The past 3 weeks have seen a huge surge in the bearish percentage among the investment advisors and newsletter writers in the Investors Intelligence survey. Often these data are shown as the spread between the bulls and the bears, but for this week I thought it would be informative to look at just the bears alone. And to better correlate with price action, I have plotted those data on an inverted scale in the chart above.
One important point to note in this chart is how these data have been trending toward a different range of values over the past 3 decades. From 1990 to 2000, the average weekly value was 35%. But from 2010 to present, the average is 21%. Part of this results from a change in who gets surveyed. Some of the analysts and newsletter writers who were active in the 1990s have retired, and been replaced by others. Styles of analysis have changed as well. And the Fed has helped to keep the market aloft, so staying bearish has not worked very well in the long run and analysts have made what is arguably an appropriate change to less bearishness.
In their March 24 weekly report, Investors Intelligence showed 41.7% bears, which is the highest since 2011. These extreme values for the bearish percentage tend to mark exhaustive bottoms for the stock market. 2008 was different, however, and we saw some protracted big readings for the bearish percentage.
One factor which is different this time is how suddenly this selloff and this rush to bearishness has come about. To help portray that, I created this next chart, which looks at the 4-week change in the bearish percentage:
I have also done a little bit of trickery with the scaling, setting the lower boundary at +10 which cuts off a lot of the data. This is intentional, and it helps us to better see what these extreme 4-week change readings mean for stock prices, without getting distracted by all of the noise in seeing all of the postings.
My data go back to 1990, and this is the largest 4-week change in the bearish percentage in all of that time. The rest of the readings which are at all similar to this new record have tended to appear at moments of at least temporary exhaustion for the stock market.

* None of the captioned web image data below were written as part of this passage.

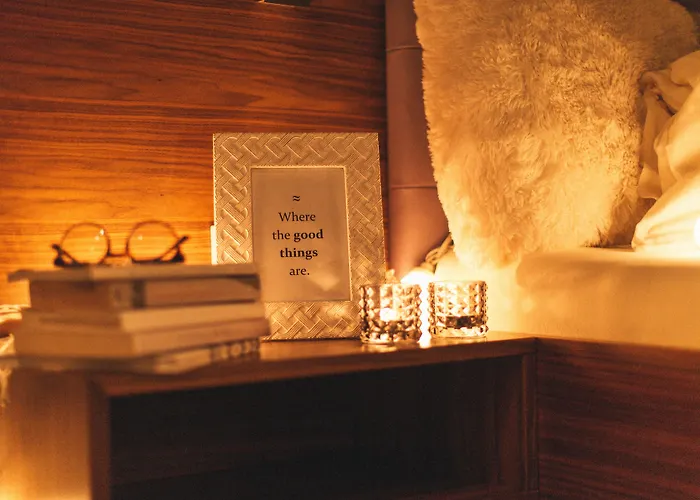 Gluecksthaler By Aa Homes - Schladmingdachstein شقة آيش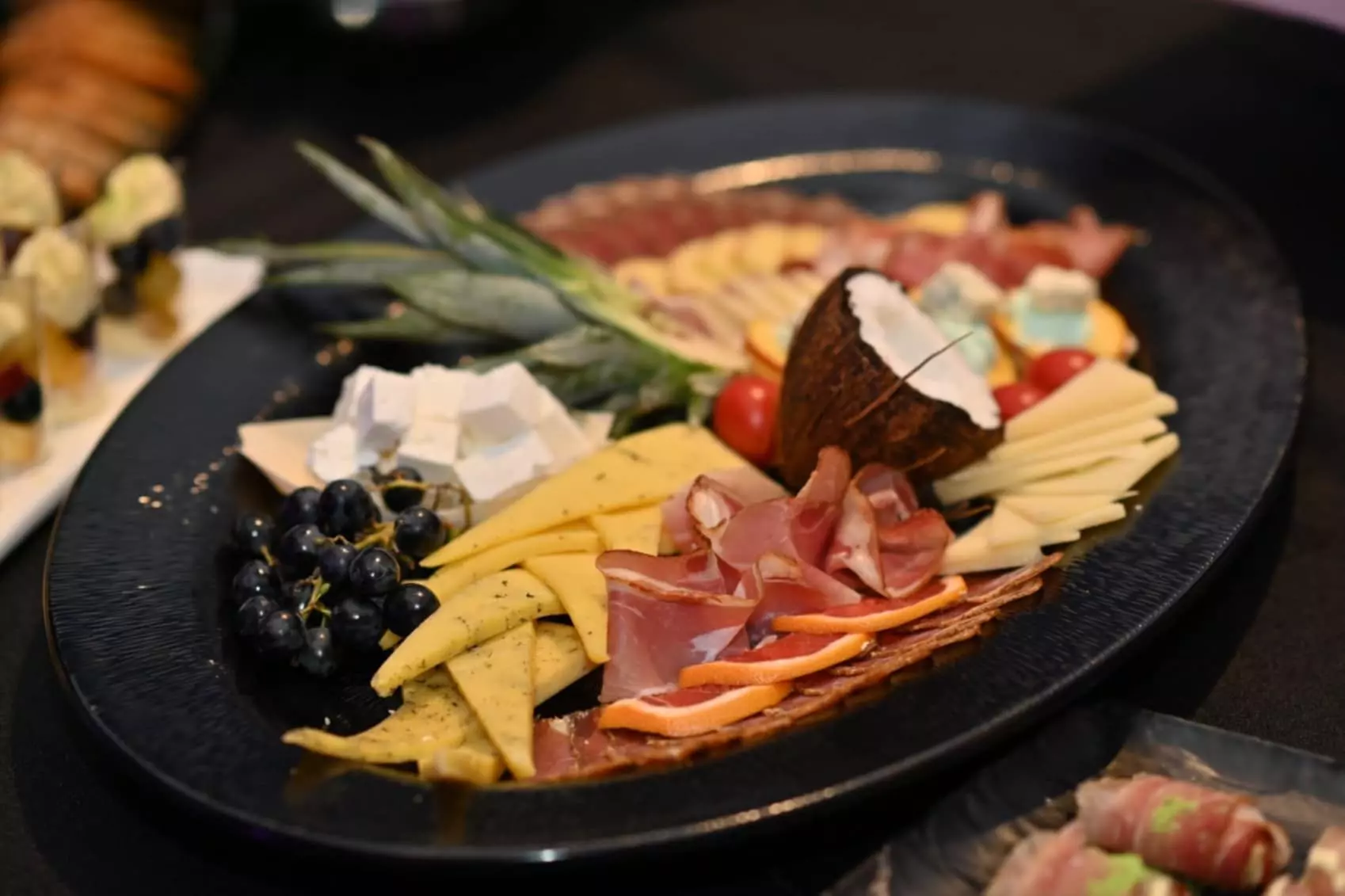 КомплетенкетерингсервисКуманово КомплетенкетерингсервисКуманово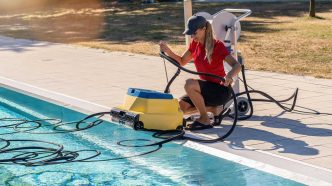 Long-Term Pool Savings Upgrade Your Maintenance to Lower Power Costs
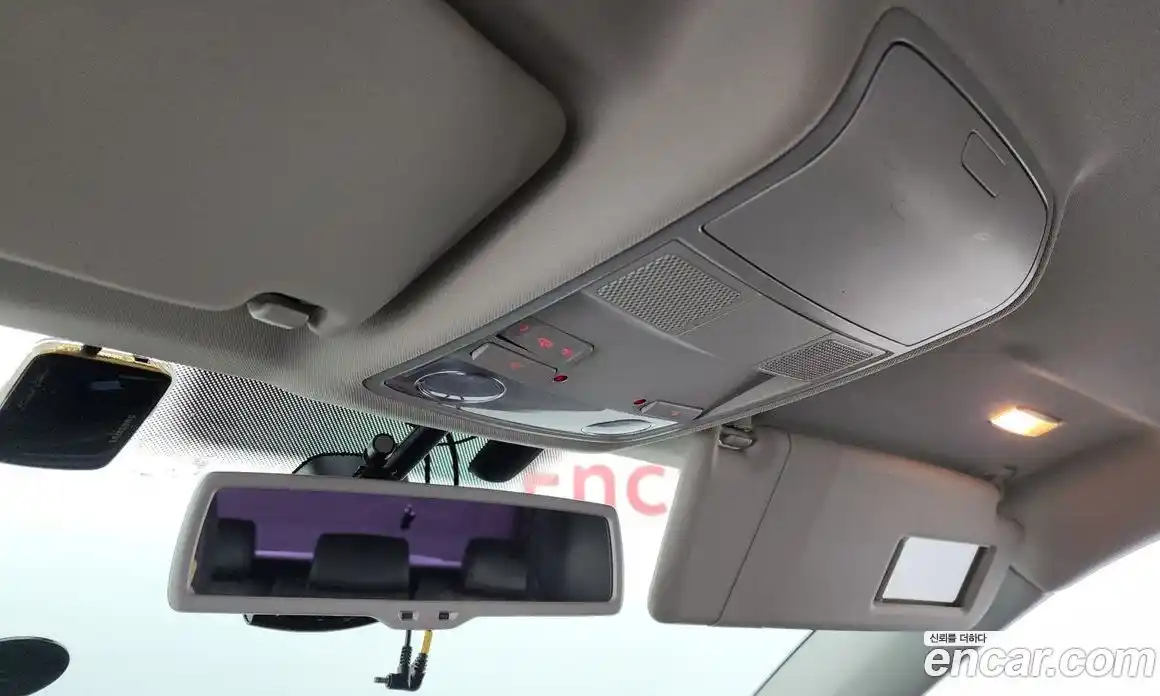 Volkswagen Tiguan 2015 2.0 Автомат в Москве № 155640, фото 19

No sentiment reading by itself is enough to compel the stock market to put in a bottom and start going up. They can hint at it, but the stock market can still do whatever it wants to do. The message to take from seeing this sentiment extreme is that there is a lot of potential energy stored up which can help the market to rebound, as all of the investors and analysts who are on the sidelines or outright bearish can be harnessed and turned into buying pressure as they see the uptrend leaving without them.